JORNADA DE BALLET EN EL LICEU
A pesar de estar en Agosto Barcelona sigue con su intensa vida cultural, cada día hay más de un concierto al que acudir y a pesar de las vacaciones que suelen dejar las ciudades vacías en una urbe como la capital catalana siempre queda gente para llenar los aforos de los espectáculos. Así que para comenzar la semana con un cierto buen sabor musical el martes noche me acerqué hasta las Ramblas donde en el Gran Teatre del Liceu se celebraba la primera de las dos actuaciones que grandes figuras del ballet ruso han dado esta semana. Llegué pronto y así aún tuve tiempo de tomar una copa de cava en el lujoso Saló dels Miralls antes de tomar asiento en uno de los palcos y desde allí durante dos horas y medía presenciar las interpretaciones con las que diversas figuras de las más importantes compañías de ballet de Rusia hicieron que el tiempo pasará sin sentir el recorrer de los minutos por la esfera del reloj. Aprovechando las vacaciones en sus respectivas compañías algunos de los grandes nombres de la actual danza rusa se han unido para ofrecer a los amantes de la danza un repertorio donde mezclan la danza clásica con la contemporánea con un resultado más que satisfactorio. Aquella noche demostraron su profesionalidad cuando en un fallo técnico la música- era enlatada- dejó de sonar y ellos siguieron con sus evoluciones sobre el escenario como si nada hubiera pasado. El verano hizo que en esta ocasión no viéramos famosos y conocidos por la platea y los palcos del Liceu pero yo tuve la gran sorpresa de compartir palco con Renata, una niña de siete años, hija del director de la compañía Stanislavsky y de una de las bailarinas, que durante todo el espectáculo estuvo atenta a lo que sucedía en el escenario aplaudiendo sin cesar y puesta en pie lanzando gritos de “bravo” al final de cada número, me confesó ser una gran amante de Puccini, hacía dos días había estado en el Liceu asistiendo a la representación de Turandot. Quizás dentro de algunos años oigamos hablar de ella como una gran bailarina, afición no le falta.

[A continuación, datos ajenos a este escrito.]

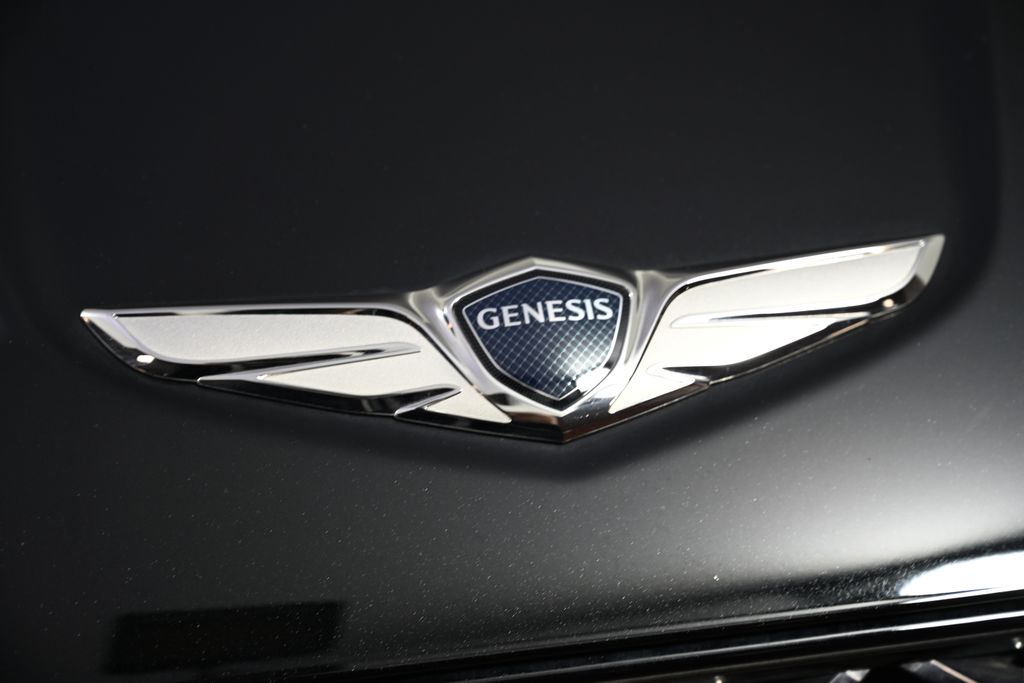 2024 Genesis GV70 Sport 13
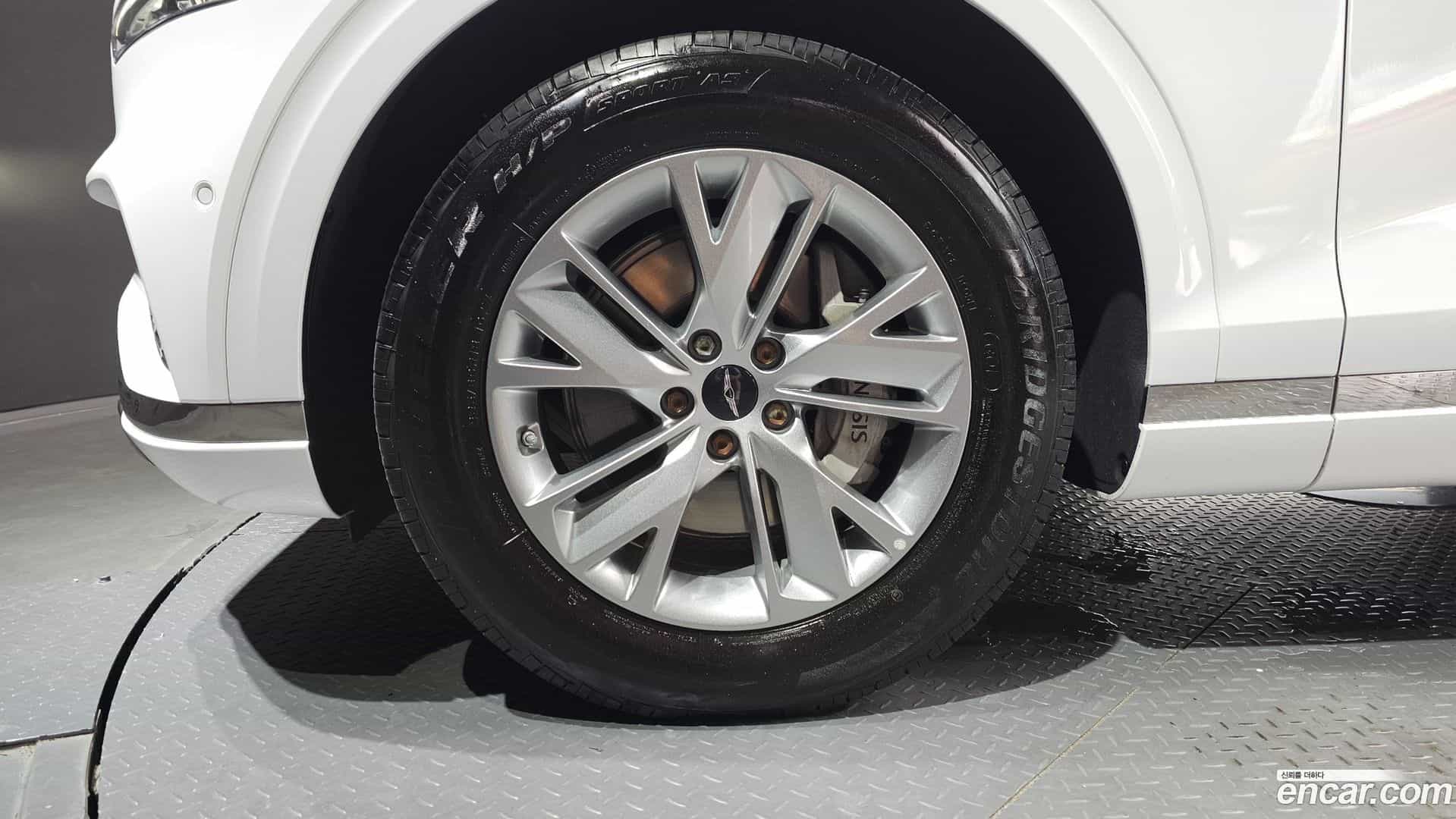GV70 Genesis 2024.10-OUTER-005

FESTIVAL DE DJ’S EN BARCELONA
Y de la música clásica pasamos a la música house con motivo de estar celebrándose estos días en Barcelona el BARCELONA SUMMER WEEK, un festival que ha reunido a más de un centenar de los mejores pinchadiscos mundiales, nombres míticos de la especialidad como Tiësto, David Guetta, Erik Murillo o Armin Van Buuren han estado estos días en la capital catalana animando a sus seguidores pinchando en sus cabinas las mejores y más bailables piezas de este tipo de música que arrastra a las masas. Fueron calentando motores durante el principio de la semana algunas de las más conocidas discotecas de la ciudad como Discotheque, Opium o Shoko para llegar ayer viernes al primer día de los platos fuertes reuniendo a más de diez mil personas en la gran explanada de Montjuich, el sábado también se reunió una gran multitud con ganas de juerga en el cuerpo y hoy domingo se clausurará esta primera edición de un festival, por el que los organizadores confían en que pasen más de 50.000 personas, que quiere, con el tiempo, ser el referente europeo de la Winter Conference de Miami. Es mucho el dinero que se mueve alrededor de este tipo de música y eso los organizadores, con Álex Flaqué a la cabeza, lo saben y por ello quieren que el próximo año la BARCELONA SUMMER WEEK se amplíe a una gran feria en la que tengan cabida profesionales del ocio nocturno. Estos DJ’S viajan en jet privado, algunos llegan a cobrar por dos horas de actuación hasta 30.000 euros y son amantes de la buena vida, ya saben que es la mejor porque eso de trabajar diez horas diarias y ser mileurista no es vida, es un simple y duro pasar por este valle de lágrimas. Danzad, danzad malditos, hasta la extenuación mientras las cajas registradoras acarician los oídos de los organizadores con el metálico sonido de miles de euros cayendo en las mismas. Ya llegará Setiembre, mientras a disfrutar.